There are several reasons why that myth simply isn’t true, but today we’ll deal with just one: the landing page difference.
In SEM, you decide the landing page your visitors see whereas in SEO, a search engine spider decides on what landing page your visitors will see. That’s a huge difference in control, and that difference makes all the difference in the world.
Searchers, after all, are impatient people with itchy back-button fingers; if they come to a site and don’t find what they’re looking for right away, they’ll return to the search engine results page and click on your competitors’ links in a matter of seconds! That’s a scary thought for people who rely solely on SEO campaigns. We live in a fast-paced world of instant gratification. The less work one has to do, the better.
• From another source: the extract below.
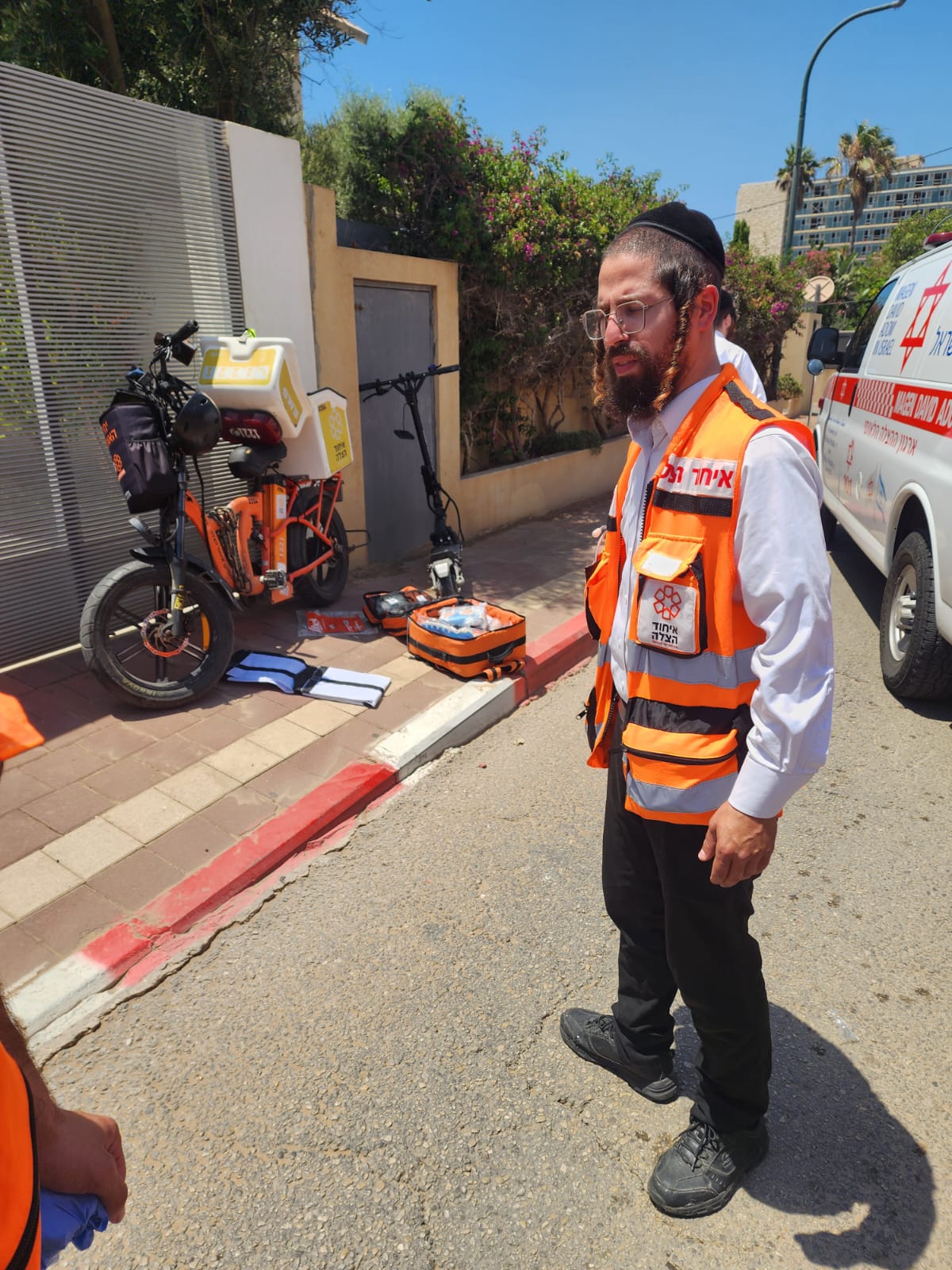 חובש איחוד הצלה במקום התאונה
So if your landing page is optimized for the keywords the searchers choose, and the ad copy the searchers see, then you’re able to tell a new visitor, right away, that s/he’s come to the right place. And no matter how great your site is, that’s a message that visitors need to hear. People don’t just want to see a good landing page: They want to see a relevant landing page. There’s nothing more annoying than doing a search and getting results that have nothing to do with what you’re looking for. It kind of makes you wonder.
But only a good SEM firm can optimize your landing page. A search spider won’t do it.
In both SEO and SEM, you only hit ROI if your searchers convert. An SEM firm might require a higher initial investment than an SEO firm does (because SEM requires the management cost plus the PPC cost, while SEO only costs the price of management alone)—but you’re also likely to get better conversions through SEM. That’s because you’re likely to get better landing pages through SEM, and it’s only conversions that will get you ROI.
Am I saying that getting the best SEO possible isn’t worthwhile? Absolutely not. (In fact, if you’d like some good advice on how to choose a good SEO provider, you may wish to click here.) Top-ranking organic results are like front-page newspaper stories: you may not be able to control everything your market sees, but it can still make your brand look great. Plus, the more real estate you take up in the search engine results page, the better: if searchers don’t click on your search ad, they can still get to your site through the organic link.
So good SEO is definitely vital to strong internet marketing. But saying that SEO will get better ROI than SEM—simply because organic traffic is free—ignores the most important element of SEM: control, and it’s control that makes all the difference between merely getting traffic, or getting traffic that converts. And that makes a huge difference when it comes to ROI.